It’s a well-known fact that Americans eat too many unhealthy foods, and also that many of their nutritional choices are driven by price just as much as by preference: the average cost of a fast food meal is significantly less than the average cost of a meal prepared with organic foods grown locally. But researchers at a recent American Heart Association (AHA) meeting proved that this cost-savings only lasts a short time.
Using a series of pricing projections, the researchers showed that small adjustments in the cost of fresh fruits and vegetables could save more than 500,000 lives over the course of 20 years while also reducing the rate of heart disease.
Led by Dr. Thomas Gaziano, researchers from the Brigham and Women’s Hospital and Harvard Medical School estimated that a 10% decrease in prices could reduce the number of heart-related deaths by 515,000 and the number of heart attacks and strokes by 675,000 by 2035.

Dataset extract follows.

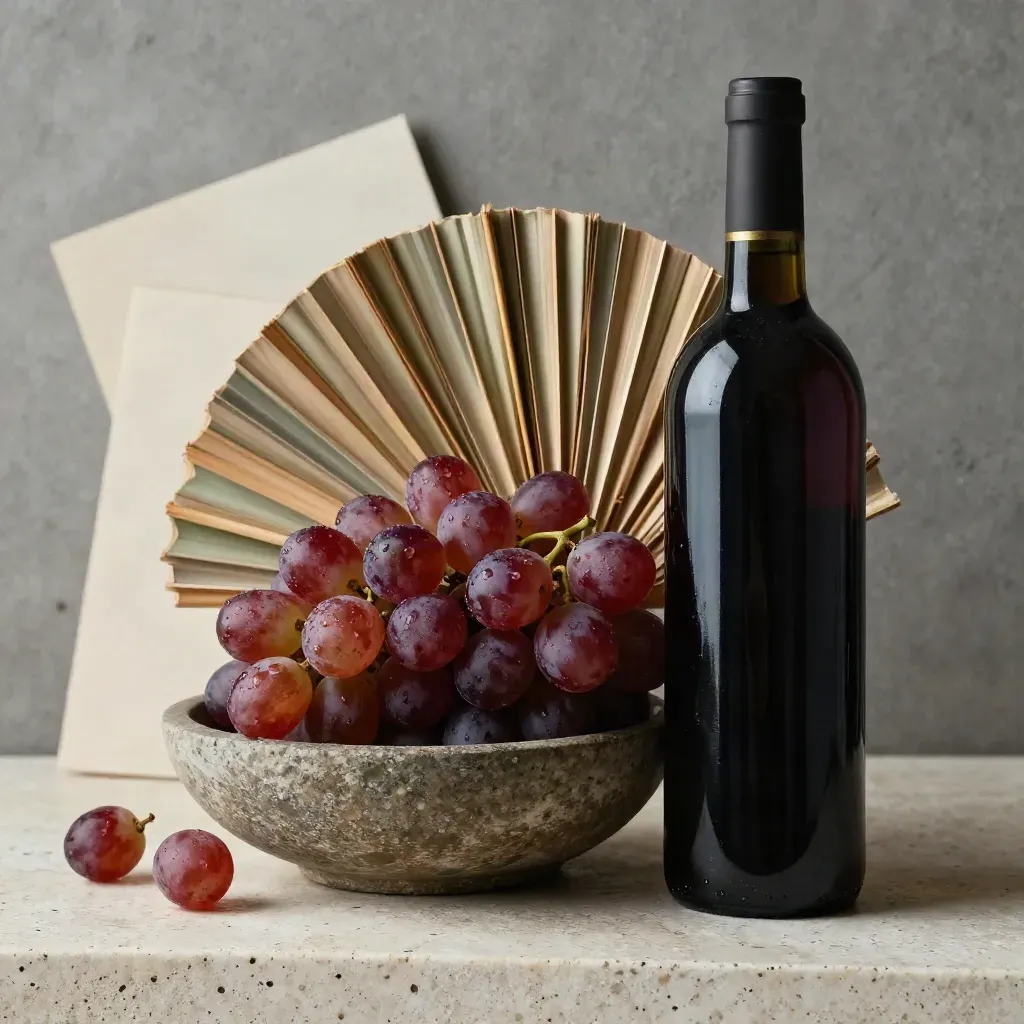 Bottle with red grapes and cedar leaves in a stone bowl, softly lit in a refined wine scene.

According to TIME, if the average American consumes an additional serving of fruits or vegetables every day on top of the price reduction, the number of heart disease-related deaths would drop by an estimated 3.5 million in just two years.
Americans, more than ever before, are choosing to support local businesses in lieu of big box stores. It’s estimated that around 70% of all social media users are connected to at least one business online and it’s easier than ever for local grocery stores and farmer’s markets to advertise to local customers.
The problem the U.S. is facing isn’t solely related to interest in healthy eating — it’s being able to afford those healthy foods.
The recent findings on food prices are just one piece of the puzzle, but it’s definitely an important one as the country figures out how to handle health problems.